London Police Stats, Part 1: A Look at the Evidence

23 Jan

 

If the way in which the official crime rate is compiled is dodgy, too, then you have a problem; and something like that, at least in allegation form, is what’s happening in the UK nowadays. The country’s Statistics Authority has recalled its “national statistics” accreditation of police-issued crime data, pending an Office of National Statistics-led inquiry into the manner in which the numbers are put together, and its methodological rectitude.

Serious business, to be sure, serving up a helping of scepticism upon the spreadsheets banked in the (London) Metropolitan Police web site from which this 2012-2013 report is featured:

 wards

Of course a spreadsheet can’t body-scan the ethical innards undergirding its data, but there may be some things to be said on that count. But in the first instance, there are enough spreadsheet-qua-spreadsheet goings-on here to keep us busy for a while.

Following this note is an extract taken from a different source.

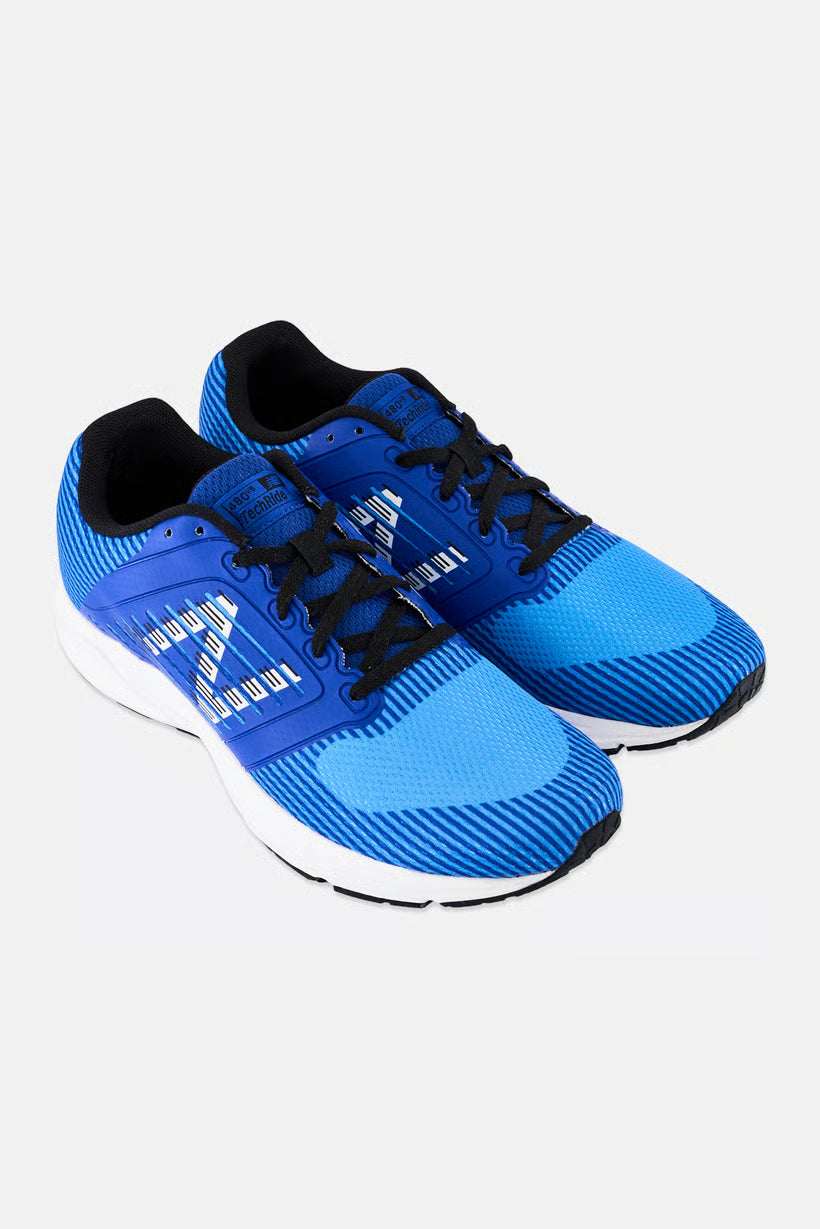 حذاء رياضي NEW BALANCE رجالي M480XB6 برباط، أزرق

The spreadsheet interestingly breaks out London crime reports by borough as well as the 624 city electoral wards (remember that number), these averaging about 20 per borough. As I said, there’s a lot to do here. First – and we’ve certainly seen some of these oddments before – I’d muscle a blank row between 4 and 5. Row 4 contains merged global titles which could only complicate any pivot tabling endeavour with faux field headings, and we don’t need that, do we? Second, note the portico of hidden columns locked behind B and G, but I want to hold off on these for the moment. Now check out the field headings in B6, G6, and H6. The ones in the B and H columns have been colored white, for reasons to which I’m not privy; I’d color them black in the interests of simple visibility. But B6 is wrongly identifies its data Borough Name, when in fact the contents that issue below are wards; I’d thus rename the field Borough Ward. G6, on the other hand, has no title at all, and I can’t explain that either. I’d call the field Borough Name, because that’s where that heading belongs. I’d also select row 6 and free its columns of their Wrap Text shackles, which are snapping field names in odd places, and follow up with a global column autofit. And because column B is thus unnecessarily extruded in virtue of that marquee-length title in B2, I’d either delete the title or move it to the nearly-abandoned A column and autofit B anew.

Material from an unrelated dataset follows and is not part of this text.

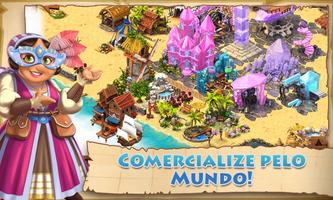 Shipwrecked imagem de tela 2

And note – and this is something I admit I’d never considered – the autofit straightaway uncovers the hidden columns in C:F, too (there seems to be a Visual Basic workaround here if you want the columns to resist exposure; see this discussion It is also fair to ask why these were hidden to begin with, a question that does not mean to allege spreadsheet foul play; after all, the columns were merely and always a double-click away from revelation. It’s possible that these behind-the-scenes data were meant to serve the analytical intents of police only, and were deemed to offer little edification to the public. Still, the question remains.)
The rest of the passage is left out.